As in the previous version, a global cache with mirroring is used. This allows you to lose up to two controllers simultaneously or three controllers in series without affecting availability. But it is worth noting that we did not see the full load balancing between the remaining 3 controllers in case of failure of one, at the demo stand. The load of the failed controller was completely taken over by one of the remaining ones. It is possible that for this it is necessary to let the system work for longer in this configuration. In any case, on my own tests I will check this in more detail.
Huawei is positioning new systems as an End-to-End NVMe system, but to date, the NVMeOF frontend is not yet supported, only FC, iSCSI or NFS. At the end of this or the beginning of the next, like other chips, we are promised RoCE support.

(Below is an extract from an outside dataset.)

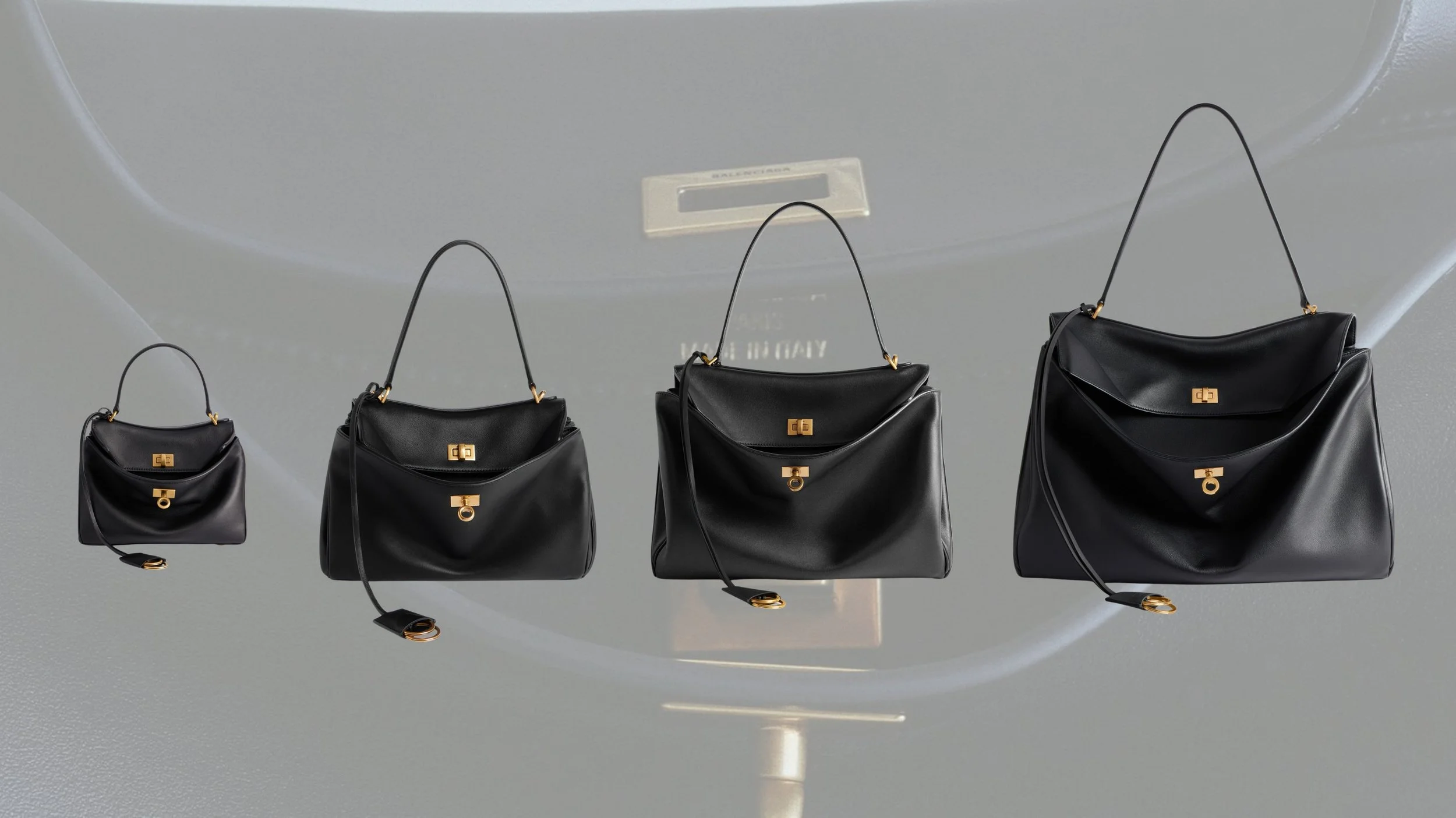 Comparison of the Balenciaga Rodeo bag in Mini, Small, Medium, Large, and XL sizes in black leather, showcasing the proportions and slouchy silhouette of each model.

Shelves are connected to the controllers in the same way by RoCE and there is one drawback connected with this - the absence of a “loop” connection of shelves, as it was with SAS. In my opinion, while this is a pretty big drawback, if you have planned a fairly large system. The fact is that all shelves are connected in series, and the failure of one of the shelves entails the complete inaccessibility of all the others following it. In this case, to ensure fault tolerance, we have to connect all the shelves to the controllers, which entails an increase in the required number of backend ports in the system.

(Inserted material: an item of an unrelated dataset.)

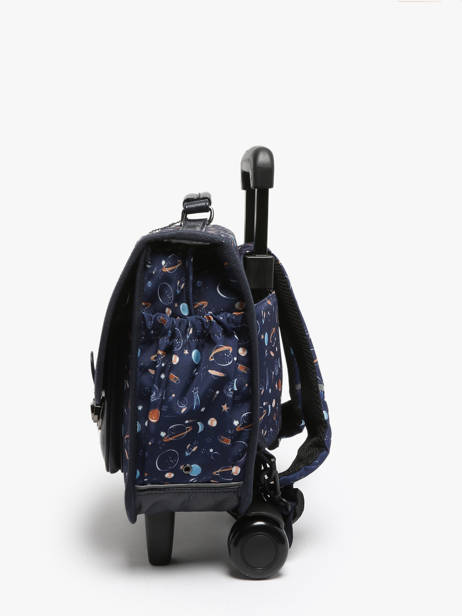 Boekentas Op Wieltjes Retro Cameleon Blauw retro CR35 ander zicht 2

And one more thing worth mentioning is non-disruptive update (NDU). As I said above, Huawei has implemented a container approach to operating the OS for the new Dorado line, this allows you to update and restart services, without the need for a full reboot of the controller. It is worth mentioning right away that some updates will contain kernel updates, and in this case the classic reboot of the controllers will sometimes still be required when updating, but not always. This will reduce the level of influence of this operation on the productive system.

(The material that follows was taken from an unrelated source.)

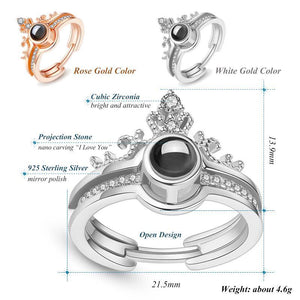 925 Sterling Silver New 100 Languages "I Love You" Memory Crown Couple Rings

In our arsenal, the vast majority of arrays from the company NetApp. Therefore, I think it will be quite logical if I make a small comparison with the systems with which I have to work quite a lot. This is not an attempt to determine who is better and who is worse or whose architecture is more advantageous. I’ll try soberly and without fanaticism to compare two different approaches to solving the same problem from different vendors. Yes, of course, in this case, we will consider Huawei systems in “theory” and I will also separately note those moments that are only planned to be implemented in future firmware versions. What are the pluses that I see at the moment:
Cons and fears in general:
Most fears and fears will be able to dispel the own testing of the new line. I hope that soon after the release they will already appear in Moscow and there will be enough of them to quickly get one for their own tests. So far, it can be said that, on the whole, the company's approach looks interesting, and the new line looks very good against competitors. the final implementation raises a lot of questions, because we will see many things only at the end of the year, and maybe only in 2020.